Он: - Ах, как я люблю гусят!
Она: - А я люблю ягнят!
Он: - Как они кричат «Га-га-га»!
Она: - Как они мычат «Бэ-э-э»!

А на другой стороне пластинки какая-то тётя мечтательно вспоминала: - Какой обед нам подавали!.. Потом она так долго хохотала по нотам, что у меня перехватывало дыхание. Как вы понимаете, это было ещё большее чудо: проигрыватель! Его не надо заводить, и он гораздо меньше шипит! Пластинок у нас было мало, запомнилось «Саша, ты помнишь наши встречи?..» и «Утомлённое солнце нежно с морем прощалось». Это было так легко себе представить: и наш Приморский парк, нет, бульвар, и наше море, в которое всегда садилось солнце. Но вскоре папа унёс проигрыватель, оказывается, он был не наш, а я-то обрадовалась… Но песни унести уже нельзя, и радио тоже осталось навсегда!

Последнее довоенное лето. Так шло моё довоенное детство. Я подрастала, как-то незаметно научилась читать. Уже прочитаны «Телефон», «Бармалей» и «Федорино горе» Чуковского, пролиты слёзы над «Дюймовочкой» и озадачивает Тянитолкай. Я прислушивалась к разговорам взрослых, но не всё понимала. Радовалась, что вернулись дядя Женя и его жена тётя Рива, но не знала – откуда. Грустила, что куда-то уехал папа и не приносит мне блокнотиков. Впрочем, папа скоро вернулся и тихо рассказывал маме, что его и других мужчин быстро погрузили в эшелон, дали винтовки и повезли на войну, но война кончилась и стрелять не пришлось, только при разгрузке один боец напоролся на штык другого, который бежал по сходням сзади. Наверное, это была финская кампания зимой 1939-40 годов.

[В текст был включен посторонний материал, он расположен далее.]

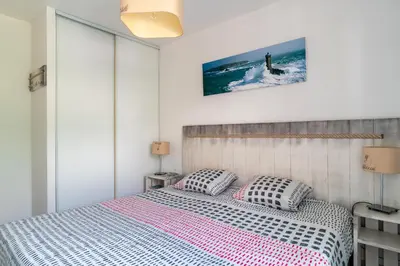 Un ou plusieurs lits dans un hébergement de l'établissement Le Kichen - Appt proche de la plage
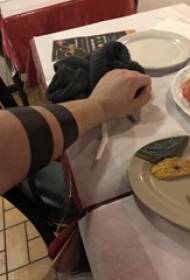 Armband tattoo pattern, minimalist armband tattoo picture on boy's arm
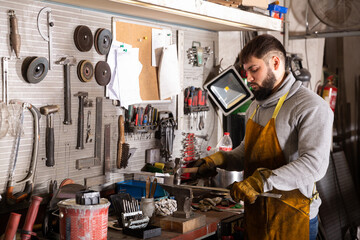Young bearded blacksmith shaping metal parts in metalworking workshop.. - Powered by Adobe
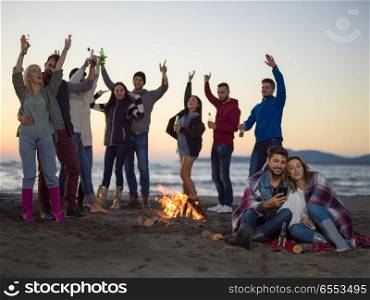 Couple using cell phone during autumn beach party with friends drinking beer and having fun. Couple enjoying bonfire with friends on beach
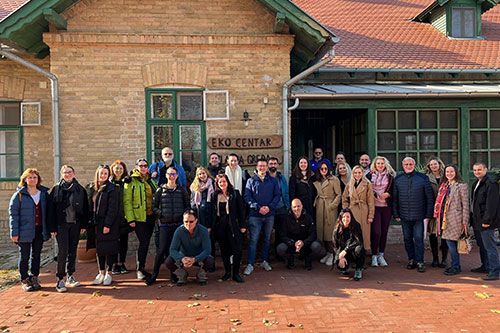 people standing in front of a house. a group of around 30 people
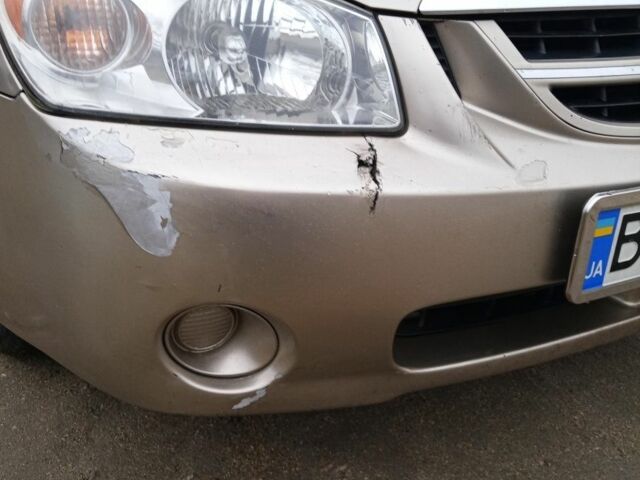 Бежевий Кіа Черато, об'ємом двигуна 1.6 л та пробігом 300 тис. км за 4500 $, фото 7 на Automoto.ua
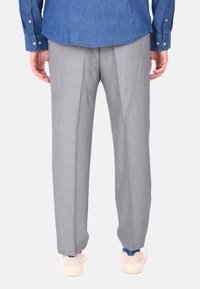 Pantaloni grigi su misura con una texture liscia, caratterizzati da pieghe a scatola. Indossati con sneaker bianche e accenti blu visibili sulle caviglie, provenienti da una camicia di jeans.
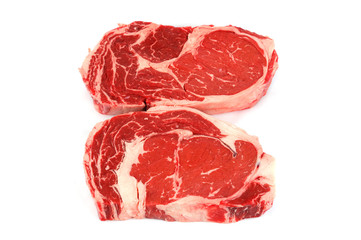 fresh raw rib eye steak on white background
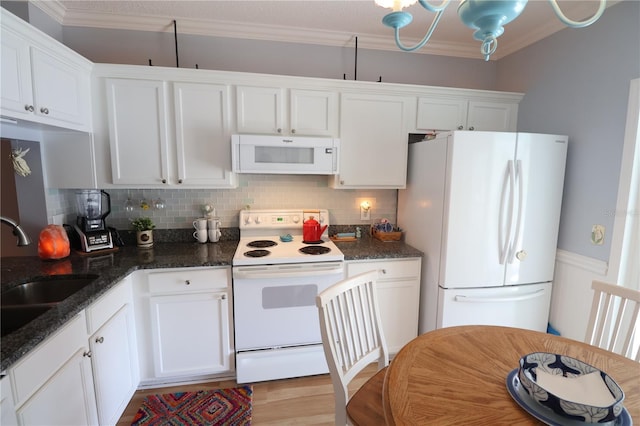 kitchen with white appliances, white cabinets, and a sink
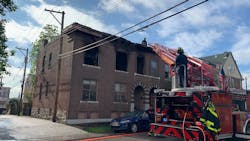 One St. Louis firefighter suffered a serious eye injury and another suffered minor burns battling a fire at an apartment building Monday.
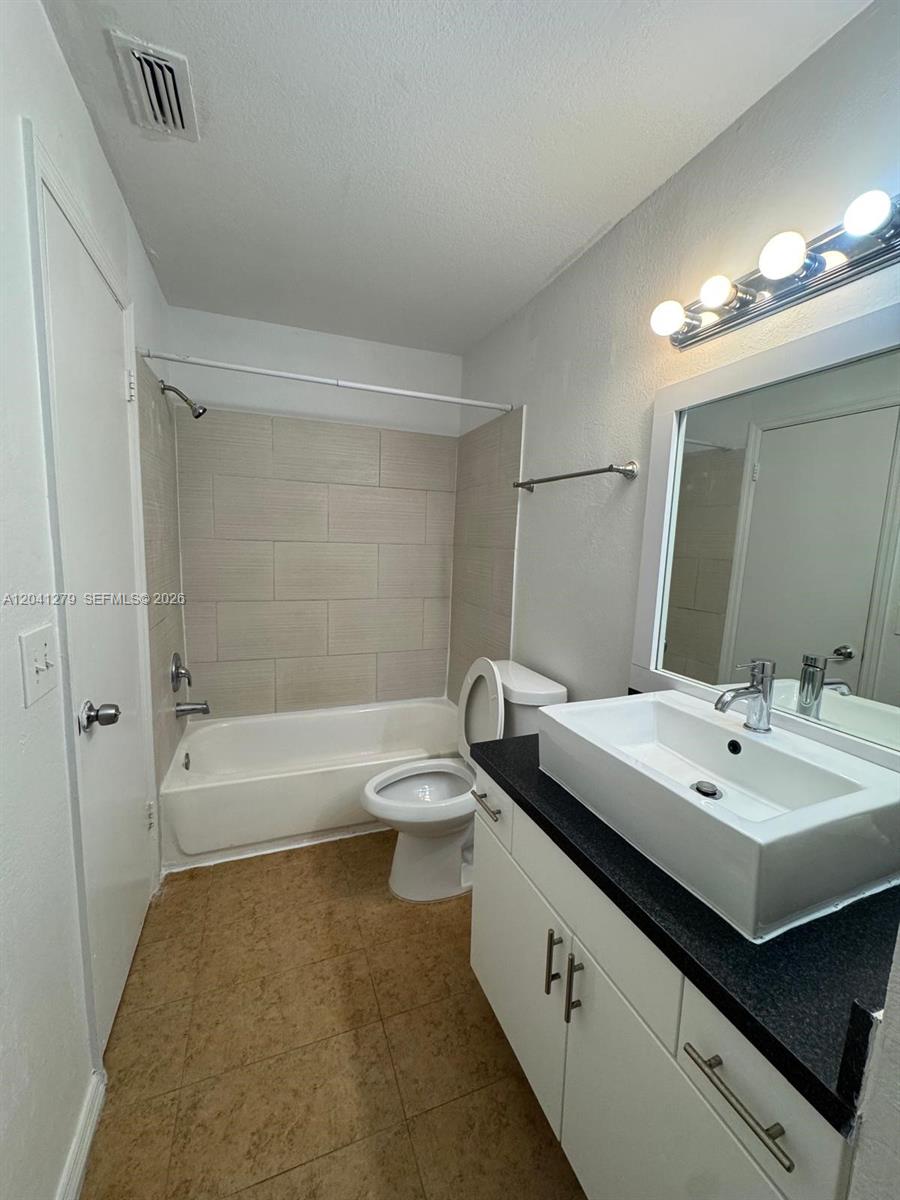 A bathroom features a white vanity with a vessel sink, a toilet, and a tiled tub — 3400 N Pinewalk Dr N # 924, Margate FL 33063, MARGATE, FL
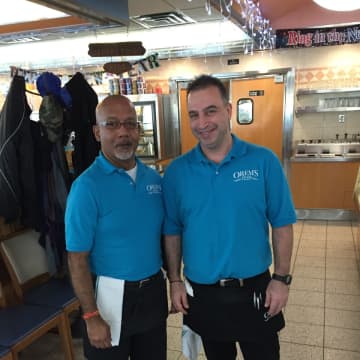 Two waiters pose in the dining room at Orem's Diner in Wilton.
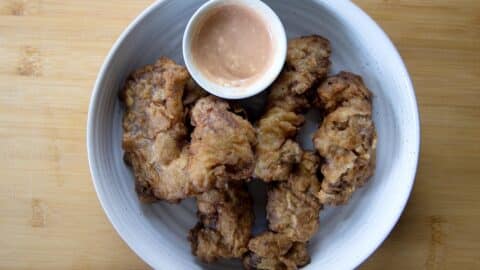 A white bowl with five pieces of fried chicken, including crispy Finger Steaks, and a small cup of pink dipping sauce, placed on a light wooden surface.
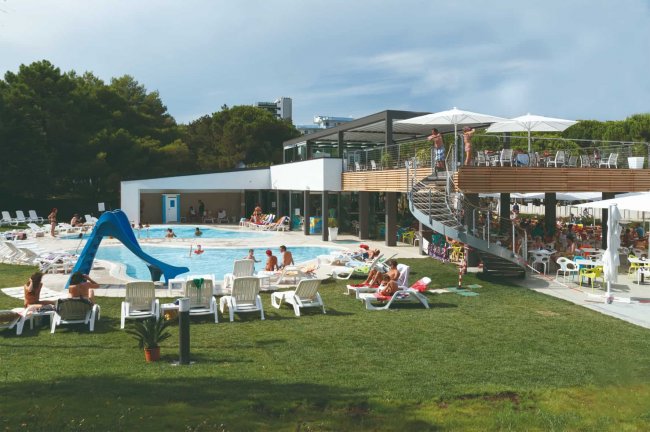 Piscina all'aperto con scivolo e sdraio.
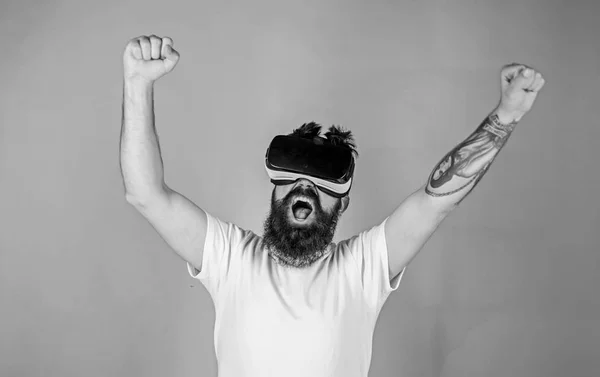 Homme à barbe dans des verres VR, fond vert. Hipster en criant visage levant les mains puissamment tout en interagissant dans la réalité virtuelle. Le gars avec écran monté sur la tête interagit en VR. Concept de puissance — Photo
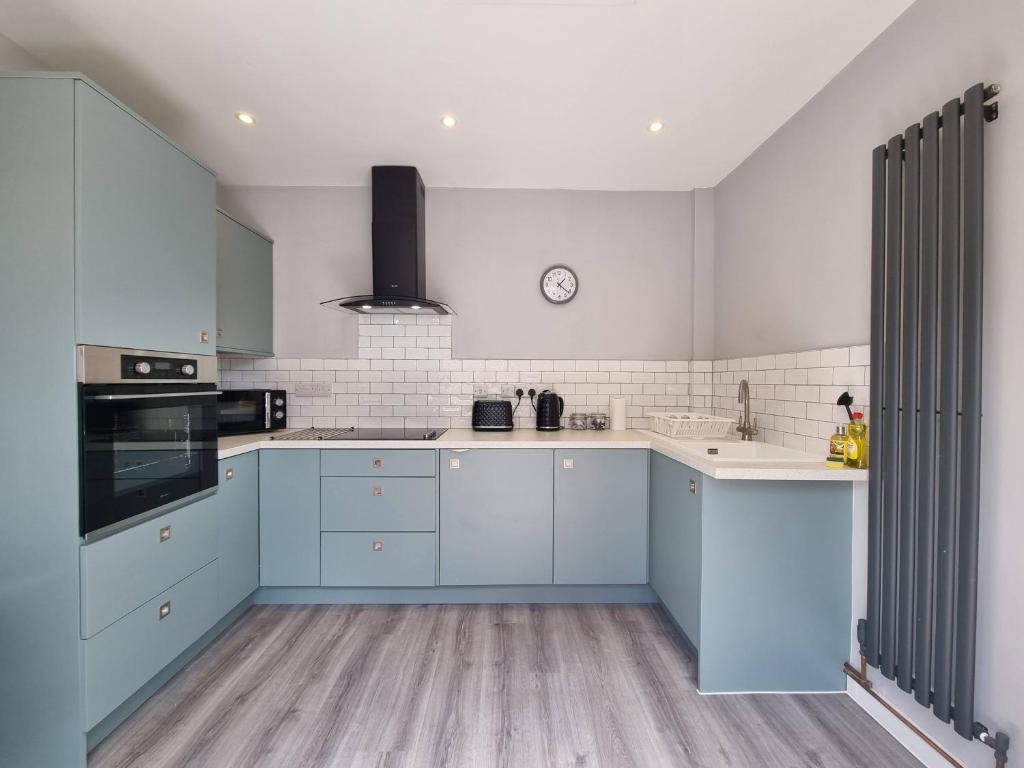 uma cozinha com armários azuis e electrodomésticos brancos em The Forge by Cliftonvalley Apartments em Bristol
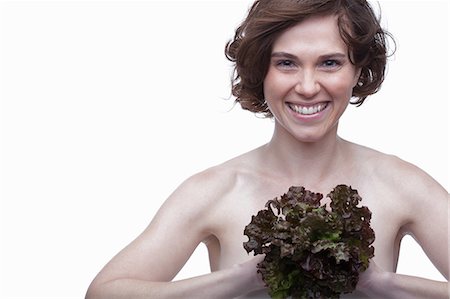 portrait woman short hair - Young woman with lettuce Stock Photo - Premium Royalty-Free, Code: 614-06814221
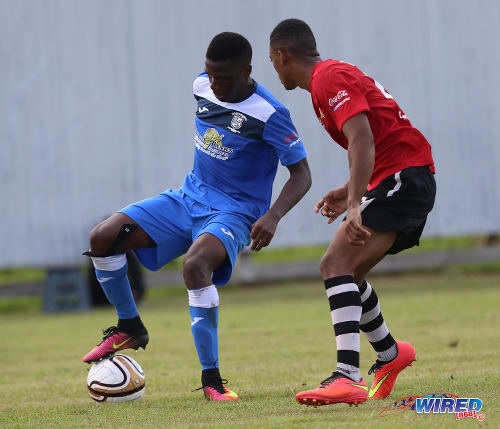 Photo: A Fyzabad Secondary player (left) tries to out a Pleasantville Secondary opponent during SSFL Premier Division action at the Mahaica Oval on 17 September 2016. (Courtesy Sean Morrison/Wired868)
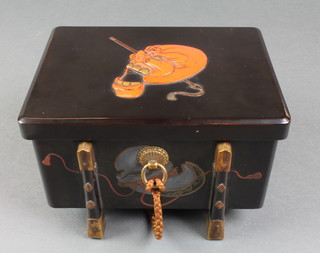 A Meiji Period Japanese lacquer casket, the black ground decorated with a red Oni mask having gilt metal mounts and a silk cord in a fitted box 5"h x 7 1/2"w x 5 1/2"d 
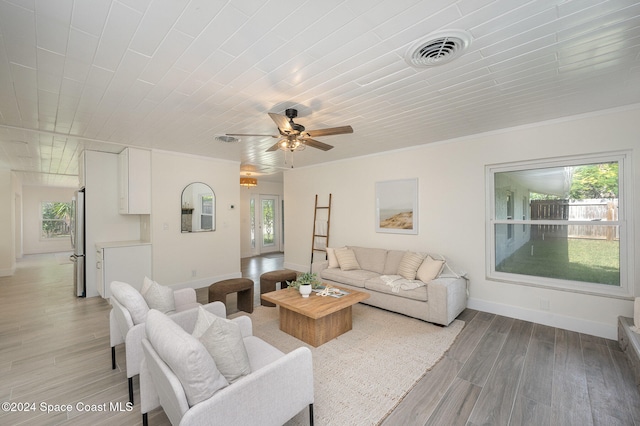 living room featuring ceiling fan, light hardwood / wood-style flooring, and a healthy amount of sunlight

Удивительно, но море в те, совсем детские годы мне почти не запомнилось, хотя фотография, сделанная где-то в Отраде летом 1940 года, свидетельствует, что взрослые брали меня на море. Помню только, что, собираясь к морю, мама и бабушка всегда брали с собой шерстяные вещи, мужские брюки, чтобы постирать их в морской воде. Вижу эти брюки, расстеленные на песке для просушки.

В марте 1940 года мама куда-то уходит на несколько дней и возвращается с маленькой сестричкой Ирочкой. Регина Косуркина уже просветила меня, что детей достают из живота у мам, поэтому я боязливо поглядываю на мамин живот, предполагая там жуткий разрез. Но мама весёлая, и я забываю про эти ужасы. У Ирочки чёрные-пречёрные глазки и толстые щёчки, торчащие из-под туго завязанного белого платочка. Её так туго забинтовывают свивальником, что она похожа на столбик (говорили, что, если не свивать, то ноги будут кривые). Голос у неё оказался неожиданно низкий, басовитый, она не плакала, а гудела.

Летом папа решил отправить нас с мамой в деревню к своему старшему брату Ивану. Вокзал показался мне фантастическим местом, где поезд стоит, а мимо него рядом с дверями едет перрон. Эта иллюзия так крепко засела в меня, что долго потом снилась. Так я впервые рассталась с Одессой, но в этот раз ненадолго.